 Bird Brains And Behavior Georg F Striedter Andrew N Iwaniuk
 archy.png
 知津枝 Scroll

INSTRUCTIONS FOR THE TASK:
Give the material above back in full, exactly as written.

ANSWER TO THIS TASK:
 Bird Brains And Behavior Georg F Striedter Andrew N Iwaniuk
 archy.png
 知津枝 Scroll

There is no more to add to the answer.